Veio o presente recurso interposto da sentença do TAC de Lisboa, que julgou procedente, por provada, a acção administrativa especial urgente, intentada por Mareme S....., natural do Senegal, ao abrigo do disposto na Lei nº 26/2014, de 5 de Maio, e, em consequência, anulou a decisão da Directora Nacional do Serviço de Estrangeiros e Fronteiras, de 15 de Fevereiro de 2016.
A decisão da Directora Nacional do Serviço de Estrangeiros e Fronteiras, de 15 de Fevereiro de 2016, com base nos fundamentos constantes da informação nº 266/GAR/16 elaborada pelo Gabinete de Asilo do Serviço de Estrangeiros e Fronteiras, considerou infundado o pedido de asilo apresentado pela cidadã senegalesa Mareme S....., ora recorrida, bem como considerou infundado o pedido de protecção subsidiária, por se enquadrar na alínea e) do nº 1 do art.º 19º da Lei nº 27/2008, de 30 de Junho, alterada pela Lei nº 26/2014, de 05 de Maio (doravante designada de Lei de Asilo).
A anulação da decisão da entidade demandada foi motivada pela questão suscitada pelo Tribunal a quo que sustenta que foi preterida a audiência dos interessados no Processo desencadeado pelo Pedido de Protecção Internacional, referindo o que aqui integralmente se reproduz, mormente que,“… no caso dos autos e atendendo ao teor do auto das declarações que prestou ao Serviço de Estrangeiros e Fronteiras em 10 de Fevereiro de 2016 constata-se que apenas ao primeiro daqueles quatro pontos/ objectivos foi dado cumprimento. A requerente de protecção internacional foi ouvida sobre os fundamentos do pedido de protecção que formulou. Mas não lhe foi dado a conhecer o projecto de decisão de indeferimento, nem os respectivos fundamentos, nem lhe foi dada a possibilidade de efectiva e utilmente no procedimento se pronunciar sobre os mesmos. Ou seja, não se afigura que as declarações prestadas pela requerente pra autora possam ainda ser considerados como audiência prévia do interessado (entendida esta com a exigência e o alcance que o Tribunal de justiça da União Europeia e o direito da União Europeia impõem) (…)

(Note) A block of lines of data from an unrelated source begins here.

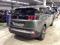 preview Peugeot 3008 #3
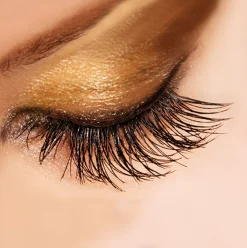 Wimpernserum Chiara Ambra
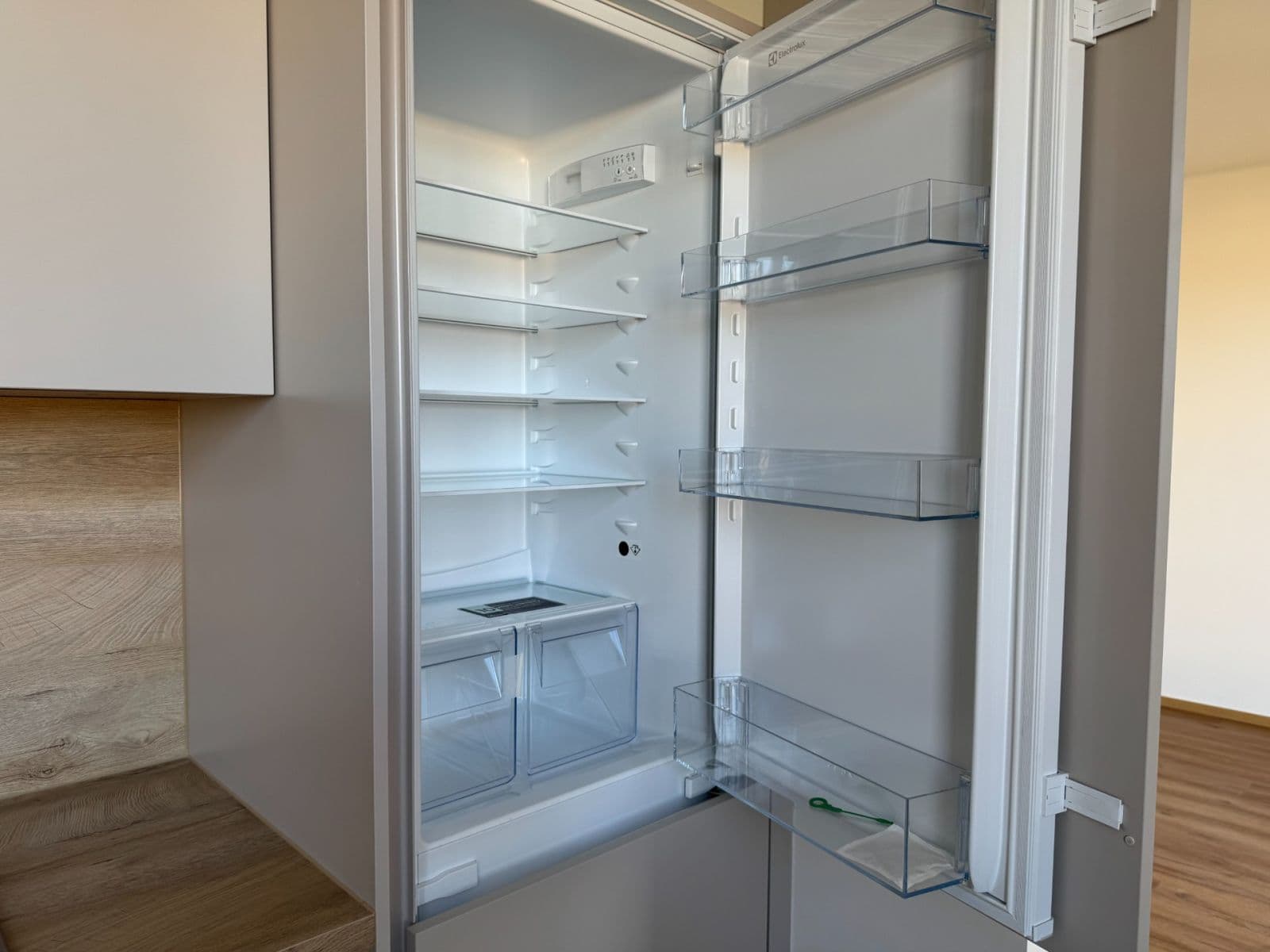 Prodej bytu 2+1 56 m², Spojovací, Praha, Praha Prodej bytu 2+1 56 m², Spojovací, Praha, Praha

Concluiu o Tribunal a quo pelo entendimento de que a decisão da Directora Nacional do Serviço de Estrangeiros e Fronteiras viola o art.º 24º, nº 2 da Lei nº 27/2008, de 30 de Junho, alterada pela Lei nº 26/2014, de 05 de Maio, interpretado em conformidade com o que dispõe designadamente o art.º 41º, nº 2 alínea a) da Carta dos direitos fundamentais da União europeia.

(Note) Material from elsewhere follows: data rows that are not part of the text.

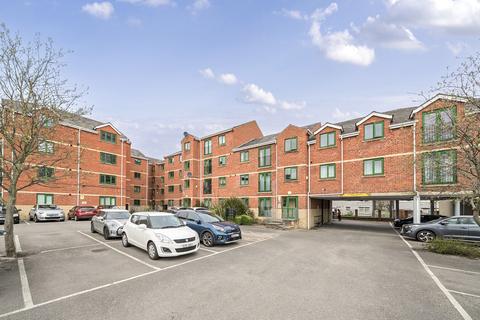 Admiral Street, Leeds, West... 2 bed flat for sale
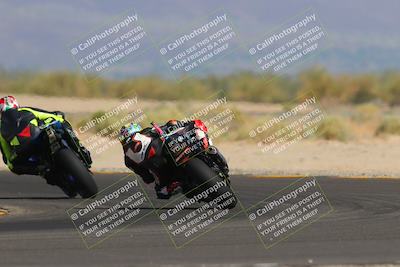 media/Sep-24-2022-CVMA (Sat) [[a45f954247]]/Race 4 Formula Middleweight (Holeshot)/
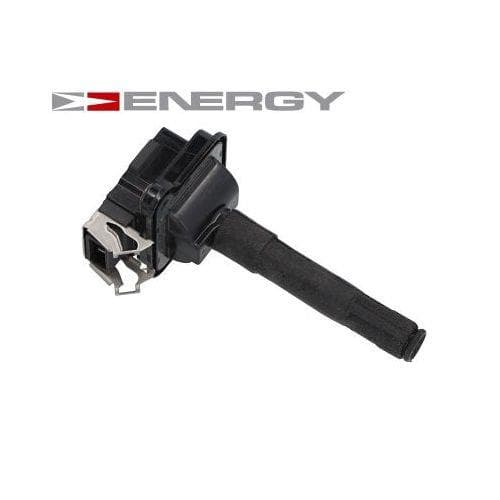 ENERGY Zapaľovacia cievka CZ0043 1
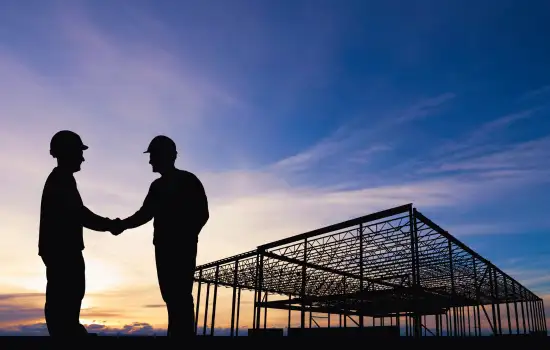 What Industry Leaders Are Saying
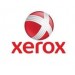 495L50201 - Xerox - extensão de garantia e suporte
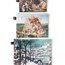 Pouches: Zip Pockets Bruegel Thumbnails 2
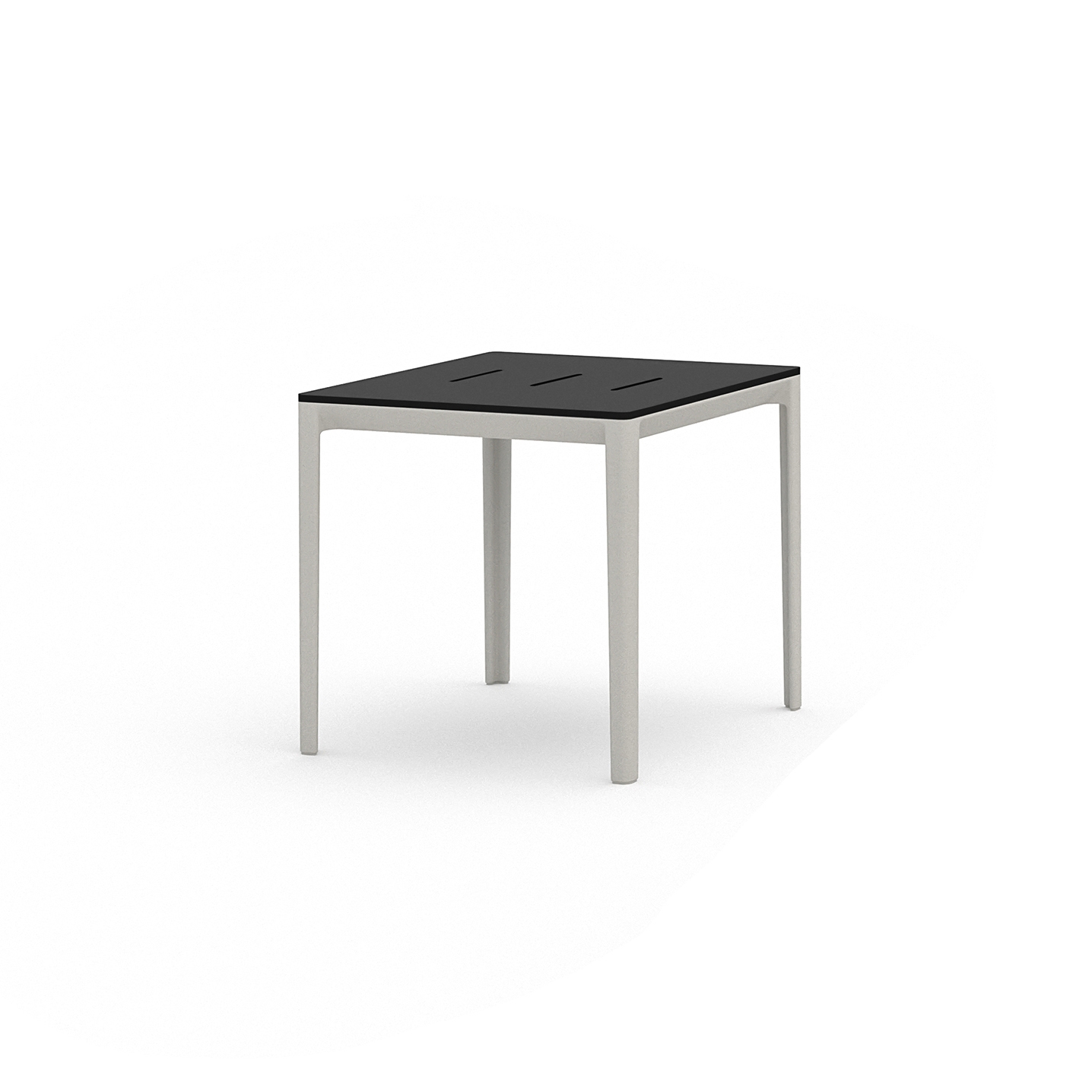 Produkt Outdoor Able Table des Herstellers Bensen anzeigen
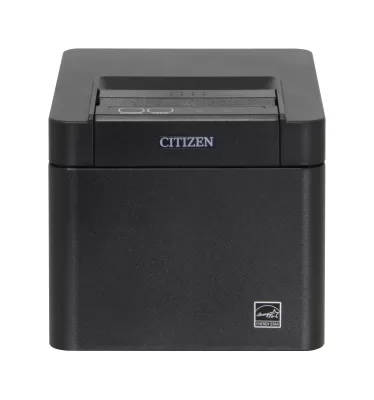 Citizen CT-E301 POS Receipt Printer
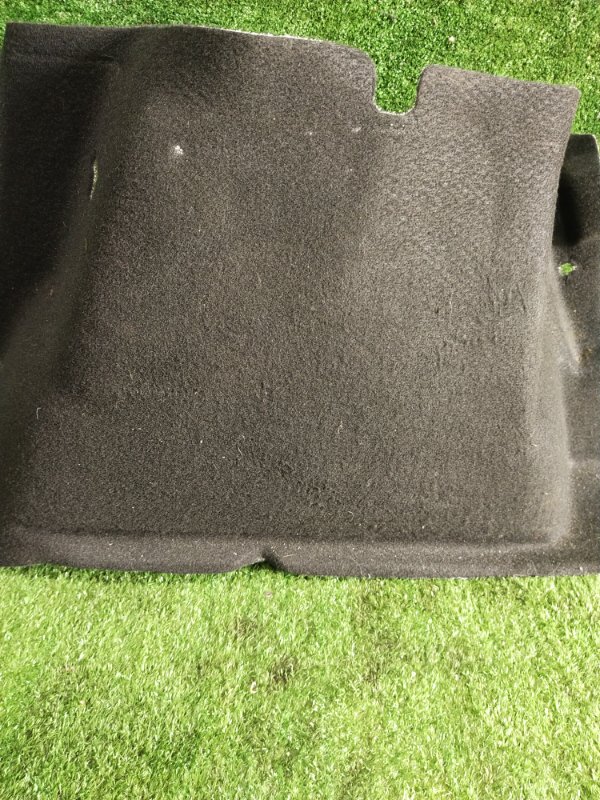 Обшивка багажника, 1000 рублей, Красноярск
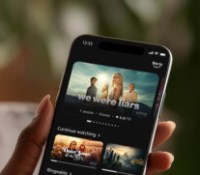 FireTV-MobileApp-01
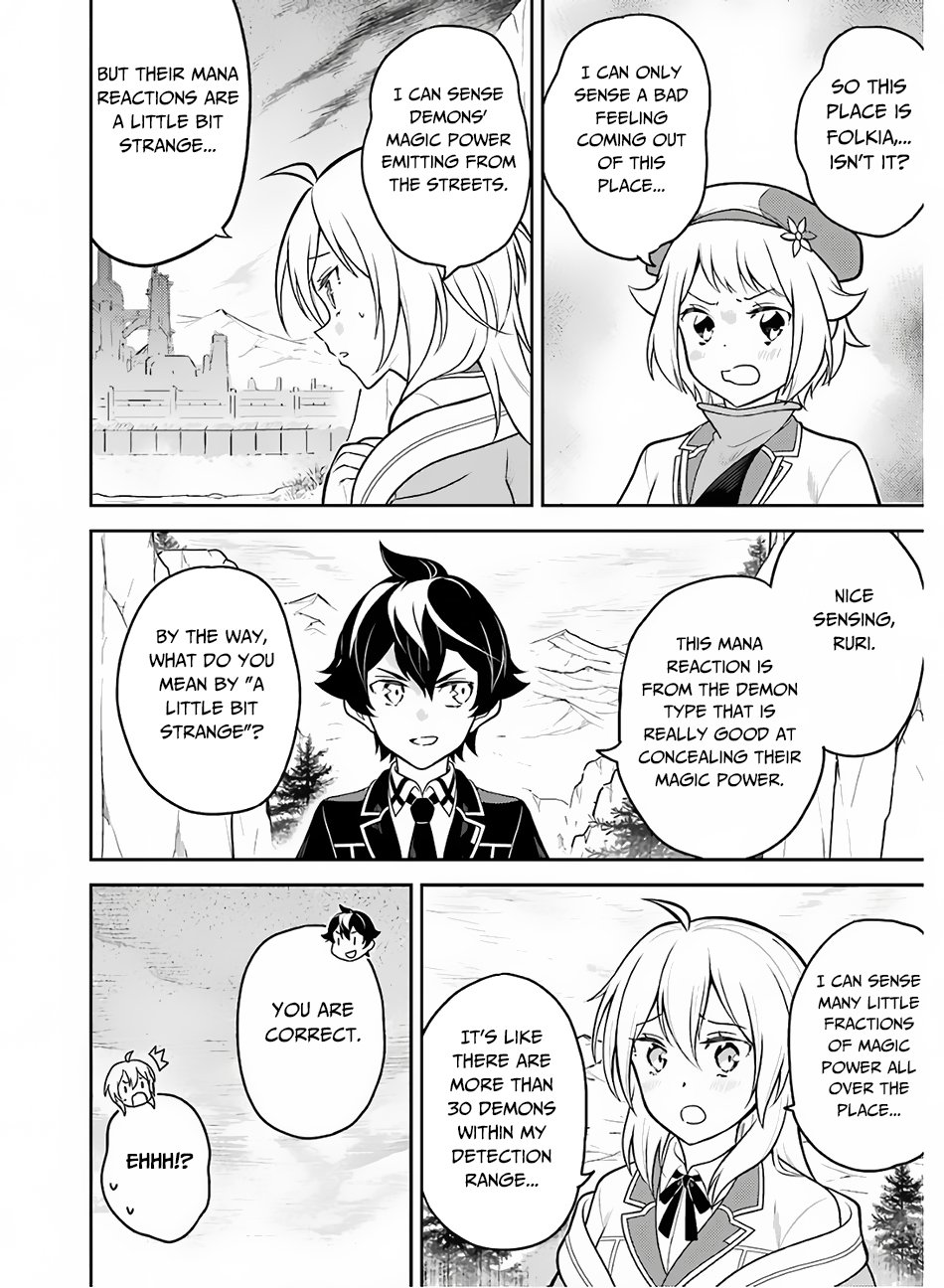 Page 35 of Chapter 35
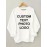 Men'S Custom Photo/Text/Logo Hoodie - Personalized All-Season Sweatshirt with Your Own Design, Loose Fit Round Neck, Durable Affordable Printed Sweater for Events, Promotional Gifts & Daily Wear - Custom Clothing Service, Plus Size Sweaters for Men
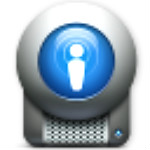 Soft4Boost Video Capture視頻捕捉工具 5.1.7.861 官方版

Discorda deste entendimento o ora Recorrente ao alegar que a sentença em crise “ (…) procedeu num incorrecto enquadramento e interpretação das normas internas constantes da Lei nº 27/2008, de 30 de Junho, com a redacção que lhe foi dada pela Lei 26/2014 de 5 de Maio (Lei do Asilo) quer das normas constantes da Directiva 2004/83/CE do Conselho, de 29 de Abril de 2004 ( revogada pela Directiva 2011/95/EU do Parlamento Europeu e do Conselho de 13 de Dezembro de 2011, relativamente aos Estados-Membros por ela vinculados co efeitos a partir de 21 de Dezembro de 2013), da Carta do Direitos Fundamentais da União Europeia, da Directiva 2013/32/EU do Parlamento Europeu e do Conselho de 26 de Junho de 2013 relativa a procedimentos comuns de concessão e retirada do estatuto de protecção internacional, bem como das normas constitucionais invocadas, bem assim como do invocado Acórdão proferido pelo Tribunal de Justiça da União Europeia” – cfr. conclusão 5ª (sintetizada) .

Vejamos o que se nos oferece dizer.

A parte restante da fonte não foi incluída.